Key takeaway: An enhanced approach and cyclical recovery really should drive a powerful turnaround in Tata’s India small business. Tata’s marketplace share losses in trucks are behind, and it is outperforming AL on margins as AL’s earlier price positive aspects have faded. Tata is regaining share in PVs, will launch a new SUV in 2HCY21 and is top in EVs. We retain ‘buy’ at Rs 435 PT with India contributing Rs 200/sh of worth. In an optimistic situation, we see India worth increasing to Rs 300/sh in 2Y.
Better placed for next truck cycle: Tata lost 11ppt marketplace share in trucks more than FY12-18 as Ashok expanded its portfolio and dealer network even though enjoying tax added benefits at its Pantnagar plant. With a new CV small business head in 2017, Tata reworked its approach, focusing on sales engagement, dealer profitability and servicing. Tata’s share inched up from 50.8% in FY18 to 52.% in FY21.
Ashok’s Pantnagar tax added benefits, conversely, ended in March 2020. Ashok also had less expensive technologies for BS4 emission norms, but this benefit has most likely faded with the new BS6 norms from April 2020. We locate Tata superior placed for upcoming CV cycle and is currently outperforming Ashok on CV margins.
An enhanced PV approach: Tata is also regaining marketplace share in passenger cars (PVs) with an SUV-focussed approach, enhanced solution styling and superior brand positioning. Its FY21 marketplace share at 8% was an 8Y higher (1QFY22: 10%), and a new sub-compact SUV in 2HCY21 really should provide a additional increase.
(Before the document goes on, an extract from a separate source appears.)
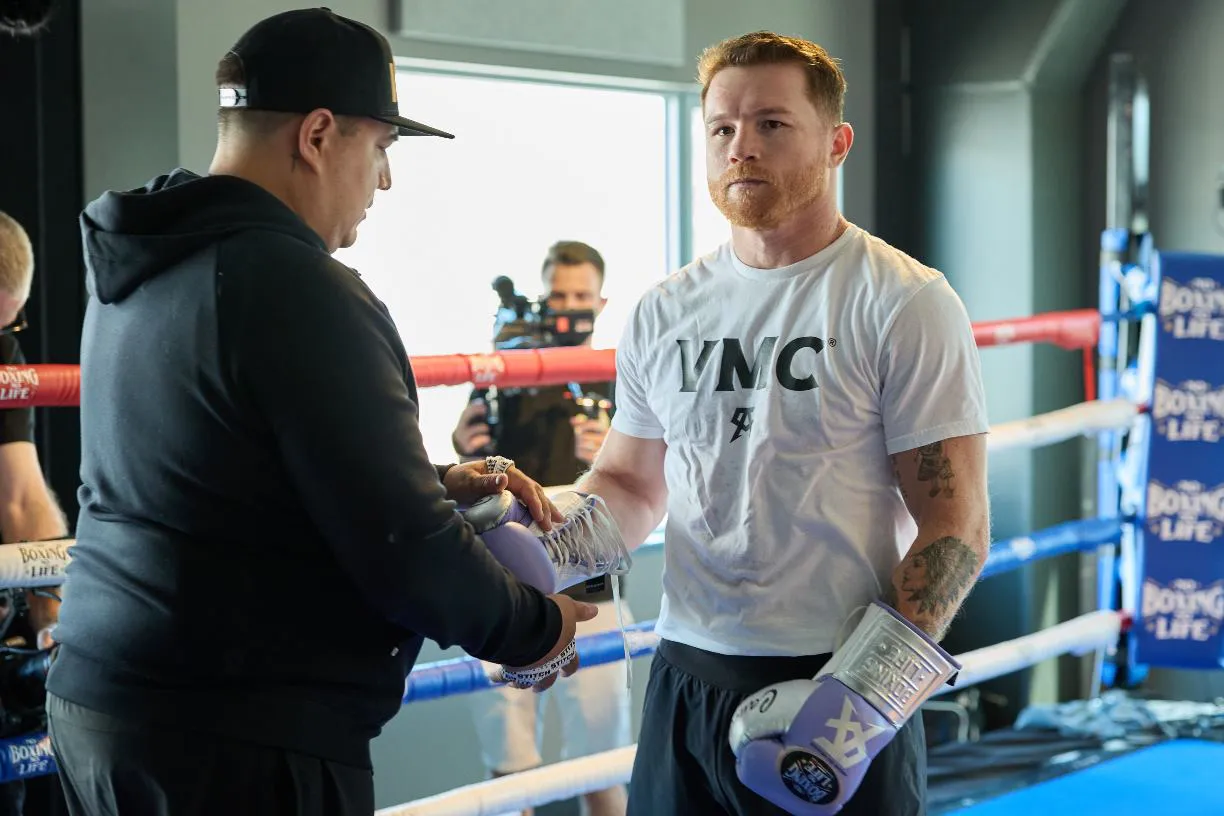0013_Canelo Alvarez media workout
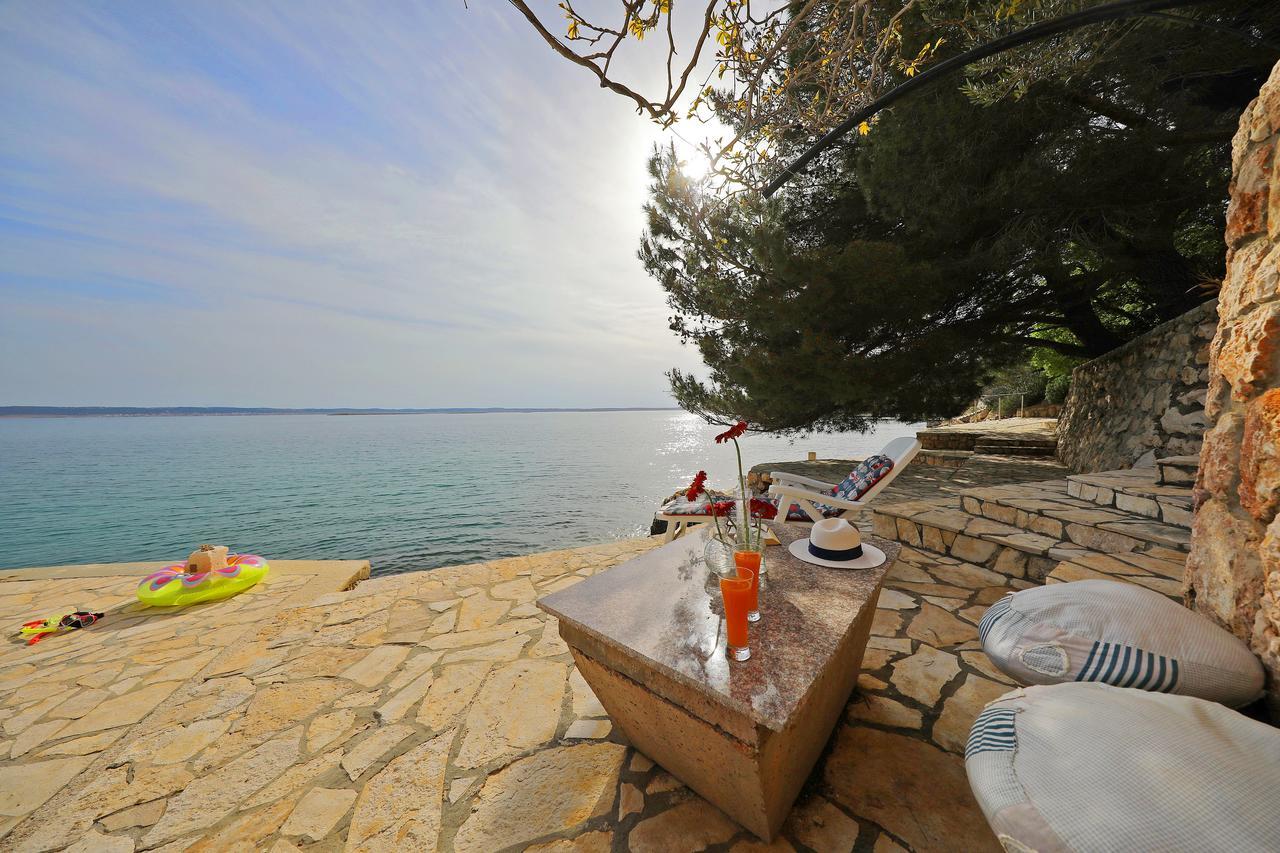 Apartments By The Sea Starigrad Paklenica Tribanj-Kruscica Exterior foto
Leading in EVs: While Indian passenger EV marketplace is nonetheless nascent, Tata has an early lead with accomplishment of Nexon SUV and has ~70% share in EVs. It’s now launching electric variant of its tiny-sedan Tigor. Tata is also kick-beginning the EV ecosystem with group firms: Tata Power setting up charging infra, Tata Chemicals evaluating Li-ion cell manufacturing, Tata Autocomp making batteries and exploring motors, and Tata Motor Finance giving options for fleet EV adoption.
Cyclical recovery ahead: Indian trucks and PVs witnessed their worst downturns of 4 decades more than FY20-21 and are poised for a huge rebound. We count on truck sector volume increasing 25%/45%/15% in FY22/FY23/FY24 our FY24E volume is nonetheless 9% under FY19 peak.
For PVs, we see sector increasing 30%/10%/10% in FY22/FY23/FY24.
Big turnaround: We see Tata’s standalone EBITDA increasing from typical Rs 14billion more than FY14-21 to Rs 82-96billion in FY23-24. FY22 really should be a net loss, but we count on standalone net profit of Rs 22-34billion in FY23-24. Standalone net debt really should fall to Rs 141billion/Rs 101billion by FY23/FY24 versus Rs 170billion typical more than FY14-21 ROE really should rise from -9% more than FY14-21 to 12-16% in FY23-24.
India Rs 200-300/sh of worth: An enhancing India franchise really should drive substantially larger standalone worth for Tata than in the last decade. JLR is facing chip shortage and EVs concern, but upcoming Range Rover (RR) and RR Sport launches provide catalysts. In our Rs 435 PT, we assign Rs 200/sh (68% of CMP) to standalone at 4.0x FY23E PB (11.5x FY23E EV/EBITDA). In an optimistic situation, we see standalone worth of Rs 300/sh in 2Y at 5x FY24E PB (13.4x FY24E EV/EBITDA). Separation of India PVs into a subsidiary and possible entry of strategic or monetary investor can drive additional worth unlocking.